- **Source material**
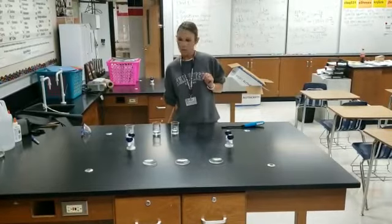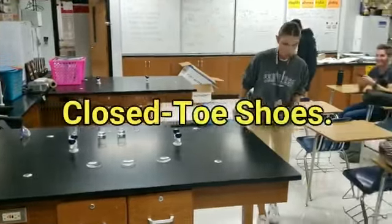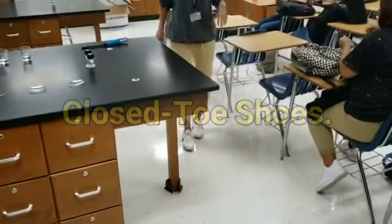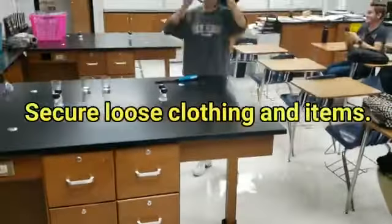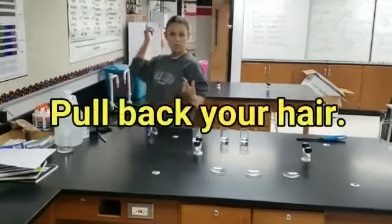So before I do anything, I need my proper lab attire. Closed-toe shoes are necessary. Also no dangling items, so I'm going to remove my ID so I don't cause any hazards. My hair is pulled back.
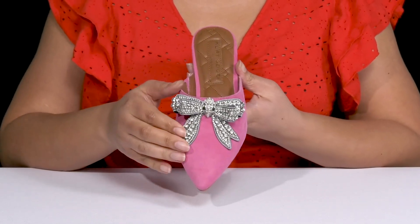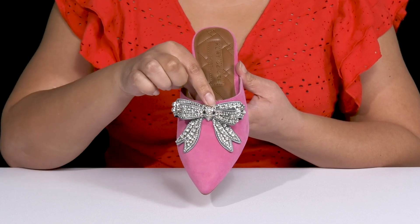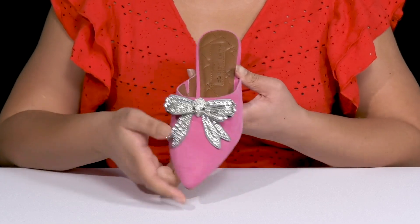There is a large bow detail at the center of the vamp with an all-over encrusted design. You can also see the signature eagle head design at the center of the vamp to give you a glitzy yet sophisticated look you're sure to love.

---

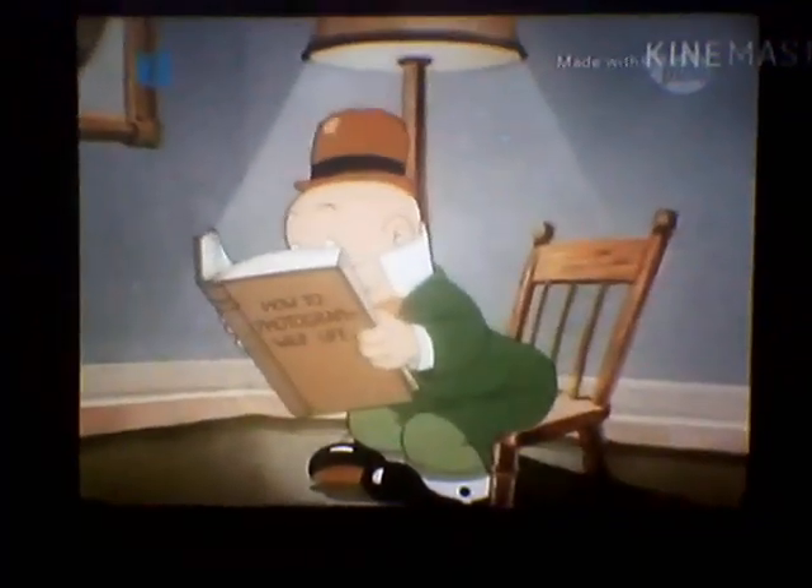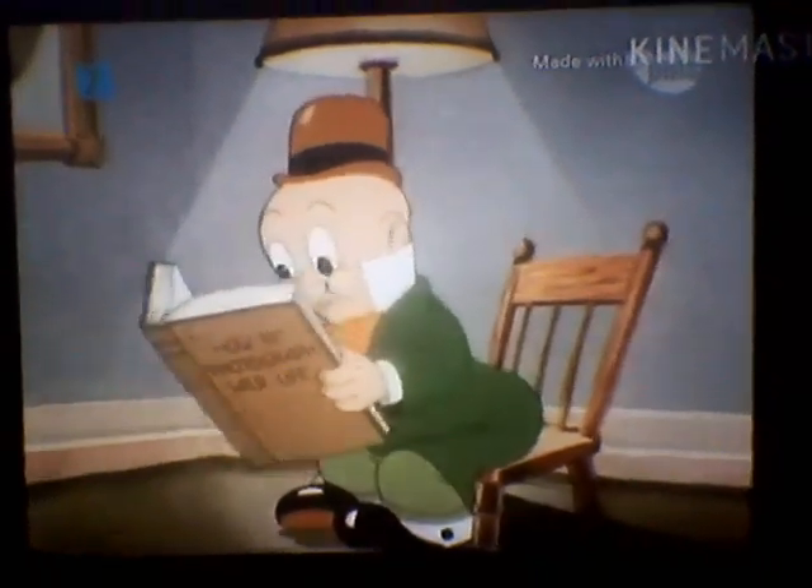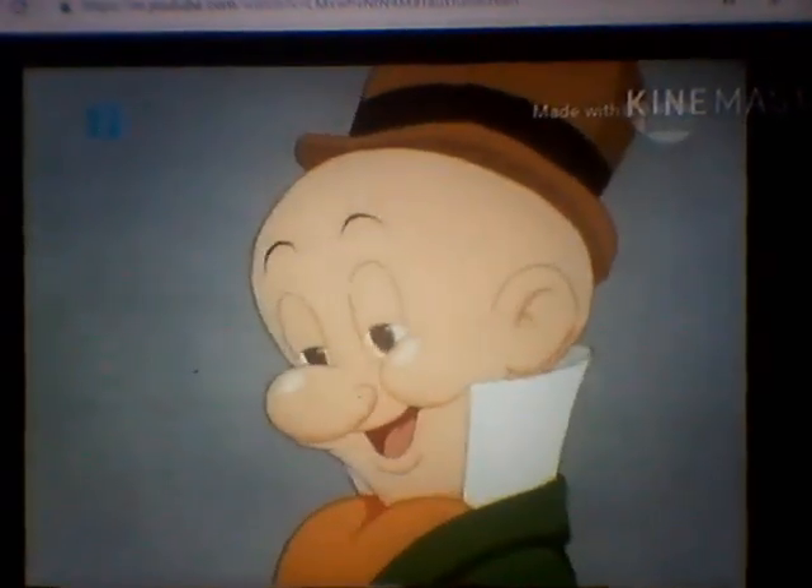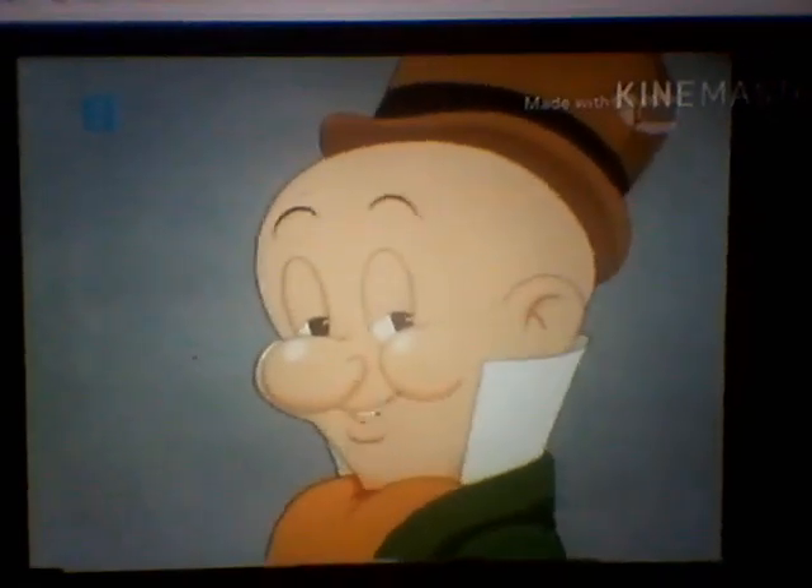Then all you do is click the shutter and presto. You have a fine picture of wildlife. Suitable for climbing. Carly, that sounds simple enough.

- **Your assignment**
Working from the entries above, please transcribe only the lines from the line with "So before I" through the line with "There is a large", exactly, with both end lines and without pictures.

- **Written solution**
So before I do anything, I need my proper lab attire. Closed-toe shoes are necessary. Also no dangling items, so I'm going to remove my ID so I don't cause any hazards. My hair is pulled back.
There is a large bow detail at the center of the vamp with an all-over encrusted design. You can also see the signature eagle head design at the center of the vamp to give you a glitzy yet sophisticated look you're sure to love.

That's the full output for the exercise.